Knowing what questions to ask is often the key to cementing the client relationship, according to DiNuzzo. "It's amazing how many clients we get who have been with big firms and say, 'I'm going to go with you guys, because you're the only ones who asked me if I had a car payment, do I owe anything on my home?' What people come to realize is, that, if you go to an insurance firm, they'll ask a lot of questions, but the answer always ends up, buy insurance. If they're asking a lot of questions and primarily what they sell is variable annuities, the answer is buy variable annuities. We may not be the highest IQ area in the country, but this area definitely has one of the highest common sense quotients."
Common sense is also a major component of DiNuzzo's approach to any problem. "A lot of financial planning's not rocket science. To borrow Woody Allen's phrase, 80% of it is showing up," he says. "It's really showing up and caring, but if you show up and look at their situation in a fair and objective manner, I think you're going to be able to provide solutions. And, of course you have to be knowledgeable."

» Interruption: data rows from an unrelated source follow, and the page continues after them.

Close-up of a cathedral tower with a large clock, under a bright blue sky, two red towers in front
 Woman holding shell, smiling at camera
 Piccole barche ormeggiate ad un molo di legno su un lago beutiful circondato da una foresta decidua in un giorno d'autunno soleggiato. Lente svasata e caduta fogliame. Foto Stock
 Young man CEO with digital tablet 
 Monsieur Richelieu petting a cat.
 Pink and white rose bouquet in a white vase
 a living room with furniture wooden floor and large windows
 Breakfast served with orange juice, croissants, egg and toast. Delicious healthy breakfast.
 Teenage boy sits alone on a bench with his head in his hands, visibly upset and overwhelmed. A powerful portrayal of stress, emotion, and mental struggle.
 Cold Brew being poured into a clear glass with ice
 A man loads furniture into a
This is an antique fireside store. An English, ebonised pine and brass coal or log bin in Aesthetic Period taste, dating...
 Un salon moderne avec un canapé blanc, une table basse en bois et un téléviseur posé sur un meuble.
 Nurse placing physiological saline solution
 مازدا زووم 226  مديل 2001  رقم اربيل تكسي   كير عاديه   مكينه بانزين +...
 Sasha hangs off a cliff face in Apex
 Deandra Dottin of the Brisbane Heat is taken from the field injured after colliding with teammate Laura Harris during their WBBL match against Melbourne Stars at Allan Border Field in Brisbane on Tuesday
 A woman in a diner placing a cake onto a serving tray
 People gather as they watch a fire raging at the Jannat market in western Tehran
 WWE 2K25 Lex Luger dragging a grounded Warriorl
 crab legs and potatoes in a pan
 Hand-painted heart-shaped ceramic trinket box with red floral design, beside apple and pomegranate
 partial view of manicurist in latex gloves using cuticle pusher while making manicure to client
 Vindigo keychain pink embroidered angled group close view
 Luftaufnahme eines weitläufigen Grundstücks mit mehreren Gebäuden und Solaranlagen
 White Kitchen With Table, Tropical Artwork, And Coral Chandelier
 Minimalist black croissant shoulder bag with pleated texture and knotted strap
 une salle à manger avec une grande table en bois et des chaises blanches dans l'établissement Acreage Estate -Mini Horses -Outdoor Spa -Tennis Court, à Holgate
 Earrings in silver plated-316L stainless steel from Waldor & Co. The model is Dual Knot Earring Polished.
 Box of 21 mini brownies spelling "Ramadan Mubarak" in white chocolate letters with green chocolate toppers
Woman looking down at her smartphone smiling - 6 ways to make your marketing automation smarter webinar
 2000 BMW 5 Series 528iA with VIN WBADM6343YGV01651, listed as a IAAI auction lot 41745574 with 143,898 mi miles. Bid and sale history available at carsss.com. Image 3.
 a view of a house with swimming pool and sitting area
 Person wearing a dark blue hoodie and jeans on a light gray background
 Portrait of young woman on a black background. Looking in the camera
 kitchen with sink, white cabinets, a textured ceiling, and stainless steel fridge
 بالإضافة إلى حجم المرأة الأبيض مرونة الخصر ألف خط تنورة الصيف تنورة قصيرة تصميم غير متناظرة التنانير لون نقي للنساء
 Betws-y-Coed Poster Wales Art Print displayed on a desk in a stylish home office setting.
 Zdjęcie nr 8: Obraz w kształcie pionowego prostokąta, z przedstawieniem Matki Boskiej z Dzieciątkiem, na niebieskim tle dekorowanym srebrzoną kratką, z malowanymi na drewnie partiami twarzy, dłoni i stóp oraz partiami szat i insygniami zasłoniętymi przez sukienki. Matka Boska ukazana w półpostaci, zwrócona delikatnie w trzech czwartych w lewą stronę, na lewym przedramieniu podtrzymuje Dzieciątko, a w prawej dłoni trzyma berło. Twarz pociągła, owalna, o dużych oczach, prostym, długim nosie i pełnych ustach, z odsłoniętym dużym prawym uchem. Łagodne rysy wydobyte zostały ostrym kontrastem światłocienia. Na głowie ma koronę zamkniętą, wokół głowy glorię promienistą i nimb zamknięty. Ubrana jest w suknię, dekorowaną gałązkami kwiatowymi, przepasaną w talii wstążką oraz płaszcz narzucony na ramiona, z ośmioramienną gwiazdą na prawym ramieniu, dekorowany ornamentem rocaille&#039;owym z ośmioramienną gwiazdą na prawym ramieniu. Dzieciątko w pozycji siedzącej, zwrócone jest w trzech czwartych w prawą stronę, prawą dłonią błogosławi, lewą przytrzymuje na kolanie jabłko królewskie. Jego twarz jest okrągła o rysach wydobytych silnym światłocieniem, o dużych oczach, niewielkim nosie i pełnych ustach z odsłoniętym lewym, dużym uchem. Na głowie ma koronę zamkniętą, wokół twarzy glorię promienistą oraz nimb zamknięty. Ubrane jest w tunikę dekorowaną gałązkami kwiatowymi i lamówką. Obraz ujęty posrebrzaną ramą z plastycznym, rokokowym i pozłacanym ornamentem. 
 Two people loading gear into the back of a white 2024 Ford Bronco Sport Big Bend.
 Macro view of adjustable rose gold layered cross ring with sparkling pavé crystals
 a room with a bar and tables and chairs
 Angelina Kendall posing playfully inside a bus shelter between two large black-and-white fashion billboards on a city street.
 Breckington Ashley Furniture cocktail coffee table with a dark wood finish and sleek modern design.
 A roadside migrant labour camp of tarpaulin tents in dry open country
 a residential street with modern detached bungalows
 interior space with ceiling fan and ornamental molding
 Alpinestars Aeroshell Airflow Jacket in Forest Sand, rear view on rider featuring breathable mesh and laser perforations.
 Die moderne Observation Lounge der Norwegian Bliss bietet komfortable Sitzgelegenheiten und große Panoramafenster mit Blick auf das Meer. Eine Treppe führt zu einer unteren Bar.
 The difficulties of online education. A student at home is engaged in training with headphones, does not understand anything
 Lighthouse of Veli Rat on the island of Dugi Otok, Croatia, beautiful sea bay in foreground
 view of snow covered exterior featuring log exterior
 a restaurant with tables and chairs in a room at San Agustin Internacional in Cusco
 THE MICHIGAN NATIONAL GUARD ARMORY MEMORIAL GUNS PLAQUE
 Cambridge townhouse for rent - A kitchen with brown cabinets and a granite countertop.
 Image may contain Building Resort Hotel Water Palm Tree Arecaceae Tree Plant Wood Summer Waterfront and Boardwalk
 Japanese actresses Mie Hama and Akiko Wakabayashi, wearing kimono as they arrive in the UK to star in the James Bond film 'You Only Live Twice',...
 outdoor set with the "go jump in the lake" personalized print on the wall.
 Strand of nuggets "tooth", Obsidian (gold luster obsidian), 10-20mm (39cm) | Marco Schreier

He notes that even in the distribution phase, clients will be clients for many years. "With the longevity issue, the average client that retires, they've got a 50% probability that either the husband or the wife is going to live to 87, 25% probability that one of them is going to live to be 92. So even if they're in their early 60s, we're still looking at a strategy that has to last us for decades and decades and we really don't run into any invasion of principal in the portfolio for quite a while."
DiNuzzo hopes that much as the members of his family worked together in the restaurant business that the same will continue in financial services. "Our long-range plan is just to grow one client at a time," he says. "I don't literally want to die at my desk, but I love what I do, I love helping people, I love everything that we do that goes into that and I'd literally love to be doing that for the rest of my life. Obviously as I get older, I'd like to do it in a reduced capacity. But I've got three sons, my brother's got three sons. Even if we bat .333, if I can just get one of my sons to come on board and he can get one of his sons to come on board...We think we've really built something special here that's more than the numbers and we'd like to pass that on to the next generation."